Please tell us your name, role, and your background
My name is Tabatha Sandoval and I am a commercial/industrial electrician at IBEW Local 617 in San Mateo, California. I have been in the construction industry now for a little over 3 years.
How did you get involved in construction?
I have a love for cars. I believe that the industry of automobiles is heading to full electric one day. I wanted to get into the industry and so I started studying electronics engineering and absolutely loved the theory. However the time at the computer just drove me crazy, as I am not one to sit well. Someone suggested becoming an electrician instead, that I definitely would not be sitting much in that career. I looked into it immediately and soon thereafter transferred my studies. Why did you choose this profession?

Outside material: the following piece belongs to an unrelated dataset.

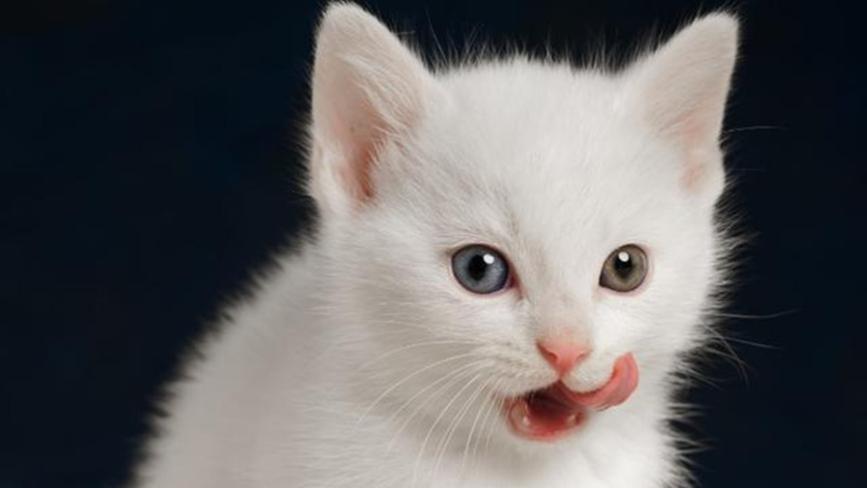 主食猫罐头哪种猫咪爱吃? 三款适口性高的热门猫罐头推荐！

I loved the theory! The power is so intriguing. I love that I have control over something so powerful and I maintain full respect for it always. I love a challenge. This profession challenges me times three: mentally, physically and as a woman socially.
Would you say it’s more difficult to start a career in construction for women than it is for men?
When I first made the decision to become an electrician, I worried if I was making the right decision. I was nervous that I would not be able to do the job as well as a man. I submitted my resume and was told that because I had no field experience I was not a good fit for the position.
I have heard and seen since then of men being hired with no experience or training and then trained in the field with expectations of entering into educational courses after the fact. I feel that those opportunities are not even considered for women. And for that reason and others, I believe it is more difficult for women to start a career in the construction industry.
What are some of the biggest challenges that you think women face in the construction industry?
I think there are men in the industry who believe that a construction site is not the proper place for a woman. They carry an old-school way of thought. I also believe that it is thought that a woman is not as strong as men. I THOUGHT THAT WAY FOR SO LONG!! Other tradesman have asked me, as I pull out the roto-hammer or the hilti, if I was sure I could do it. I reply every time with a genuine smile “oh I’m sure, and possibly better than you”
Do you think the number of women in construction will increase in the future?
I do believe that the number of women will increase, however slowly. When my friends see what I do, they’re first thought is their nails or getting dirty. And actually not having to worry about getting dirty is one thing I love. I go to work with expectations of getting filthy. I clean up well still. Furthermore, I get my nails done regularly. My career doesn’t keep me from still being feminine.
What are your recommendations for other women and NHEO Institute members?
Don’t give up! Give it all you’ve got. As a woman I feel like I have to prove my worth in the field. And many may see that as a bad thing, but I just see that as a fire burning under me to make ME more valuable as an employee regardless of my gender. Food for growth. Continue to do things that manifest growth and never stop trying to improve yourself. Don’t let anybody tell you you can’t do it and BELIEVE in yourself.
What is something that surprises people about you?
People are surprised and how I get down and dirty in the field and how ultra feminine I am in my everyday life. I’ll never get tired of saying I’m an electrician! It’s my love and my life. It makes me happy and people always find that surprising as well.